Focus: Delays in India’s thermal power sector compliance with SO₂ emission norms, governance challenges, and balancing economic growth with environmental responsibility.
Key Emission-Intensive Industries
- Thermal Power Sector
- Largest contributor to GHG emissions.
- Coal-based plants contribute ~50% of fuel-related CO₂ emissions.
- Delayed implementation of Flue Gas Desulphurisation (FGD) technology; compliance deadline extended to 2027.
- Steel Industry
- Highly energy-intensive; CO₂ emissions from coal-based blast furnaces.
- Transition to green hydrogen-based steelmaking is slow.
- India emitted 242 Mt CO₂ in 2022.
- Cement Industry
- Significant emissions due to limestone calcination.

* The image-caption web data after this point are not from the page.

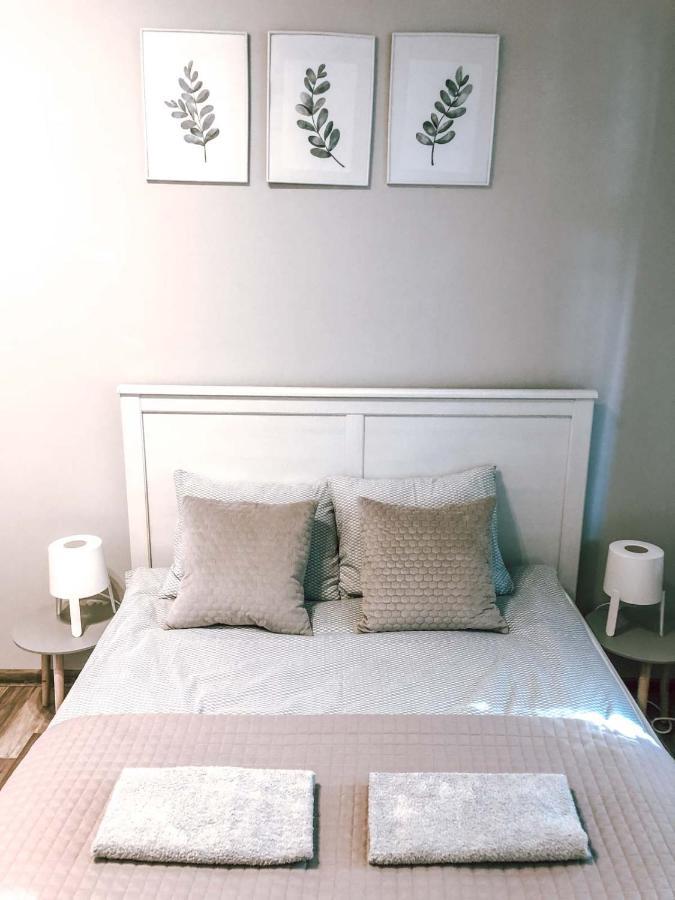 Bankowa 8 Guest Rooms 지엘로나구라 외부 사진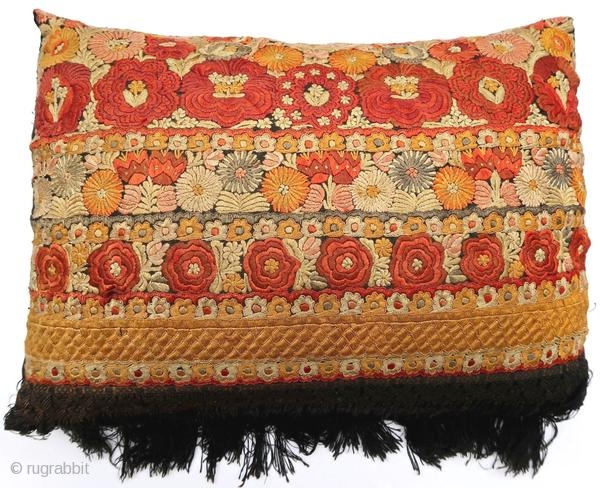 Superb Hungarian pillow from the early 20th century, in very good condition.

Origin : Hungary
Period : early 20th century
Size : 60 x 45 cm
Material : embroidered silk
Very good condition
Handmade

✦ Price and photos on  ...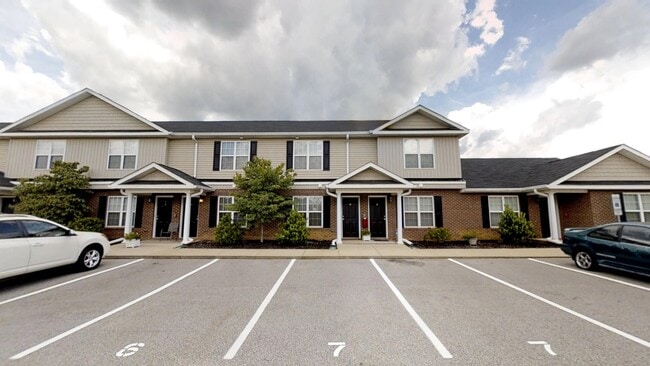 Building Photo - 307 Family Lodge Dr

- Responsible for ~5.8% of India’s CO₂ emissions.
- Efforts to use blended cement exist, but economic constraints limit adoption.
- Oil and Gas Industry
- Major sources of methane leaks and CO₂.
- Oil demand projected to double by 2045, increasing emissions.
- Fertilizer Industry
- Major emitter of nitrous oxide (N₂O); contributes ~25 million tonnes of CO₂ annually.
- Slow adoption of nano-urea.
- Aluminum Industry
- High CO₂ emissions due to reliance on electricity and carbon anodes.
- Most smelters rely on coal-based power.
- Transport Sector
- Rapidly increasing emissions from vehicle ownership and freight movement.
- Accounts for 12% of India’s energy-related CO₂ emissions.
Key Barriers to Emission Reduction
- Dependence on Coal: Heavy reliance on coal makes emission reduction challenging.
- High Costs of Clean Technologies: Slow adoption due to significant upfront costs.
- Weak Regulatory Enforcement: Frequent policy dilutions and inconsistent implementation of emission norms.
- Lack of Financial Incentives: Limited green financing options and low carbon credit pricing.
- Inefficiencies in Industrial Processes: Outdated machinery increases energy consumption.
- Slow Circular Economy Adoption: Underdeveloped recycling and waste management practices.
- Socioeconomic Trade-Offs: Balancing job creation and emission reduction poses political challenges.
Global Best Practices
- Renewable Energy Transition: Denmark and Germany leading in wind and solar power adoption.
- Carbon Pricing: Implemented in Switzerland, Canada, and EU.
- Sustainable Transport: Norway’s high electric vehicle penetration.
- Energy Efficiency: Japan’s standards-setting programs for appliances.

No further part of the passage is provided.